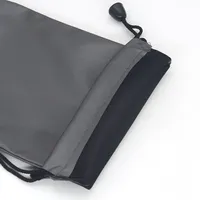 Sac à cordon étanche à la poussière à coudre manuelle de petite taille Sac en polyester noir Pochette pour câble de données pour casque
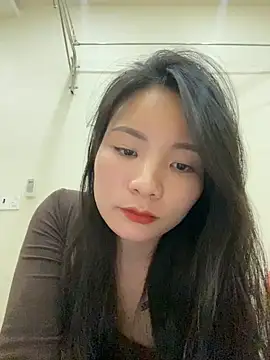 Bee Yellow00 online show from December 15, 2025, 4:39 am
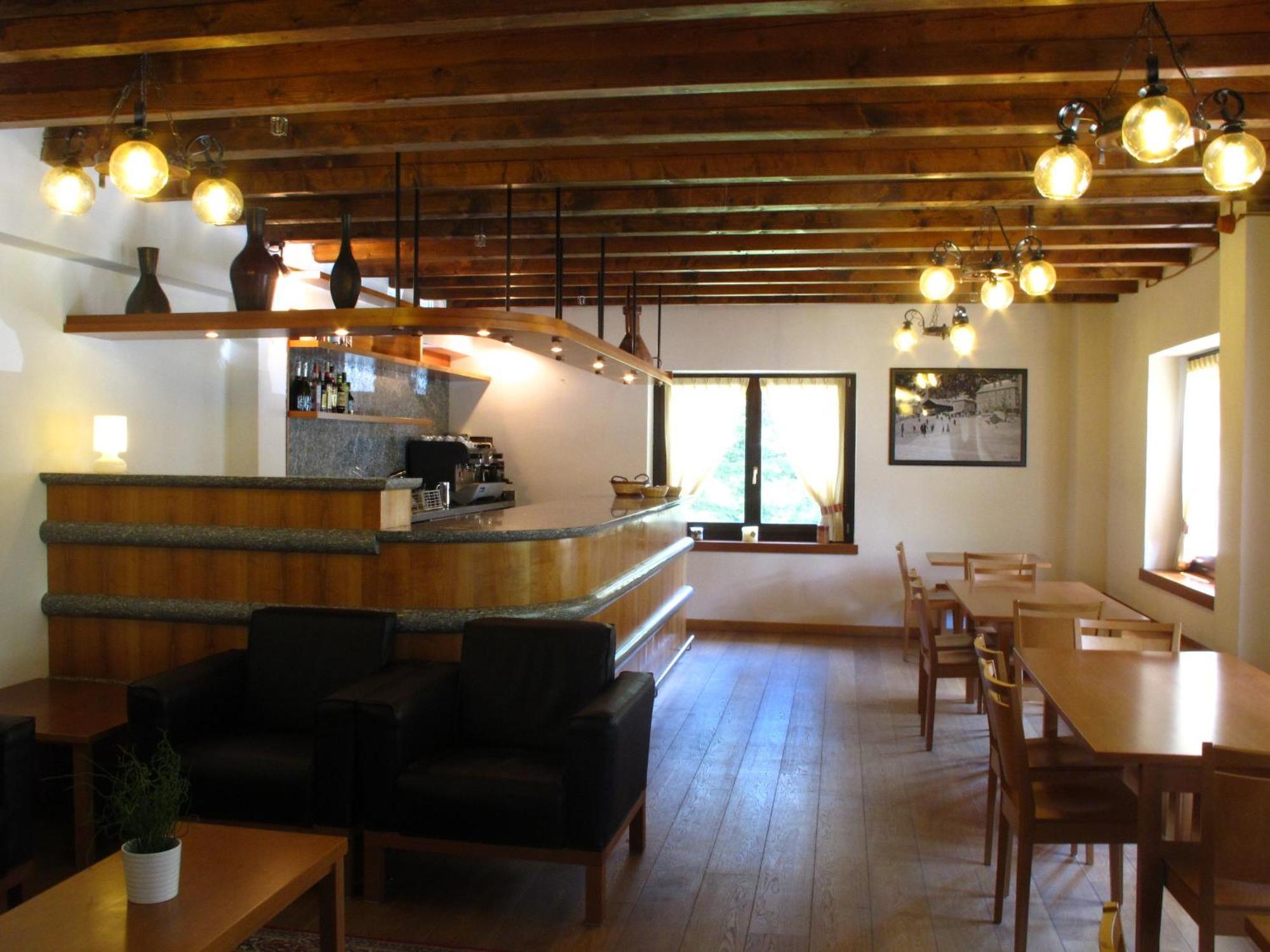 Casa Alpina Don Guanella Bed & Breakfast Macugnaga Ngoại thất bức ảnh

■ Exercise directions: Retype all of the listing above exactly, but keep its pictures out.

■ Task solution:
 Sac à cordon étanche à la poussière à coudre manuelle de petite taille Sac en polyester noir Pochette pour câble de données pour casque
 Bee Yellow00 online show from December 15, 2025, 4:39 am
 Casa Alpina Don Guanella Bed & Breakfast Macugnaga Ngoại thất bức ảnh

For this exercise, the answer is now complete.